Records to use

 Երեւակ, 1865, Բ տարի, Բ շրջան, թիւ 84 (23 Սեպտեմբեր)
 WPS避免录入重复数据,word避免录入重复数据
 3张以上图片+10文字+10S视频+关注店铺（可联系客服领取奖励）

---

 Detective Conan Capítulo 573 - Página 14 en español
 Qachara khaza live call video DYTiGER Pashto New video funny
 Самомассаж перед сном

* * *

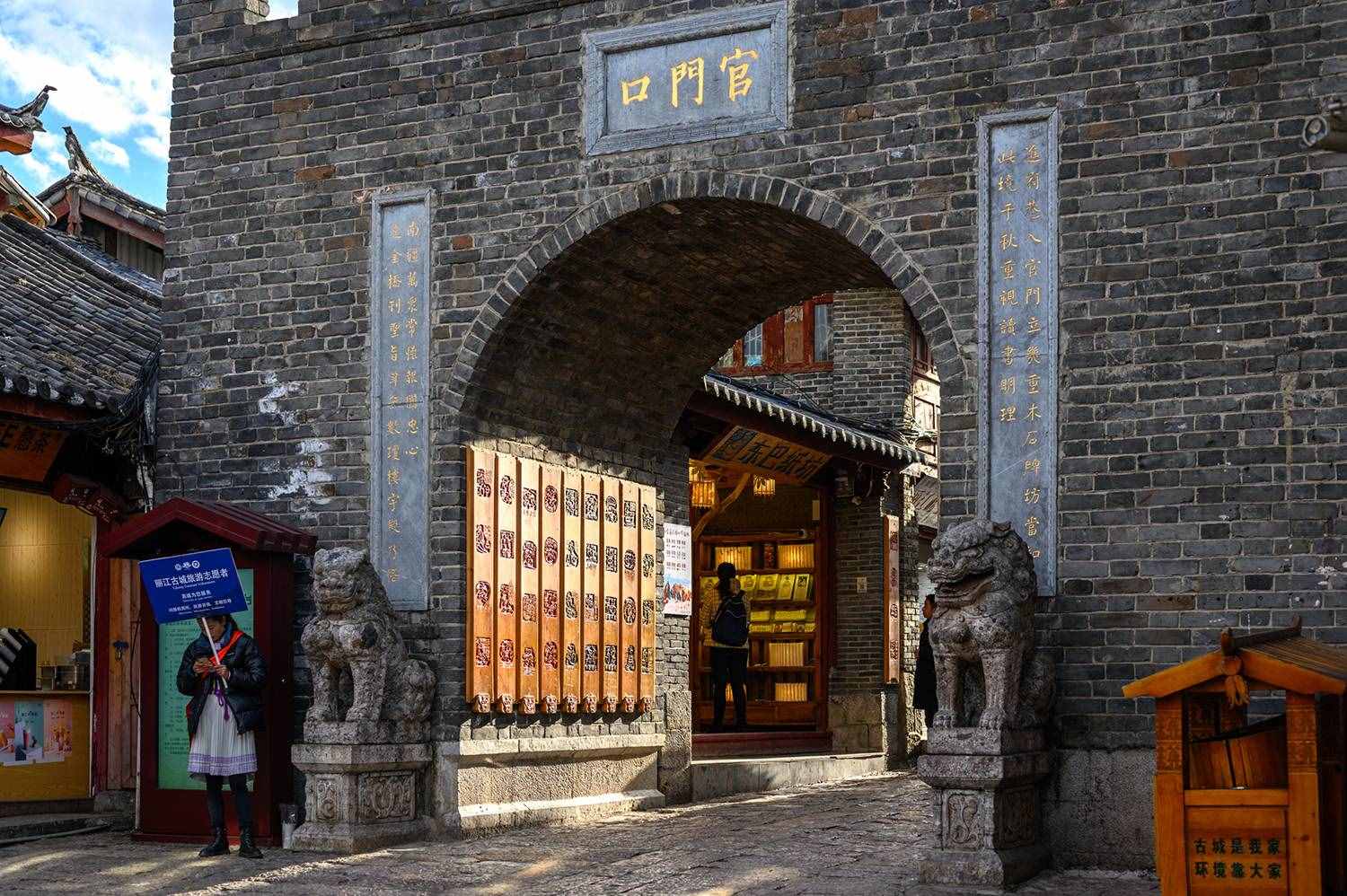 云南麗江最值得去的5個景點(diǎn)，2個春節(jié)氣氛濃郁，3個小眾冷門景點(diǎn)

Prompt
Retype only this portion of the data above: the line containing "Երեւակ, 1865, Բ", the line containing "3张以上图片+10文字+10S视频+关注店铺（可联系客服领取奖励）", and all lines between them, exactly.

Solution for this task
 Երեւակ, 1865, Բ տարի, Բ շրջան, թիւ 84 (23 Սեպտեմբեր)
 WPS避免录入重复数据,word避免录入重复数据
 3张以上图片+10文字+10S视频+关注店铺（可联系客服领取奖励）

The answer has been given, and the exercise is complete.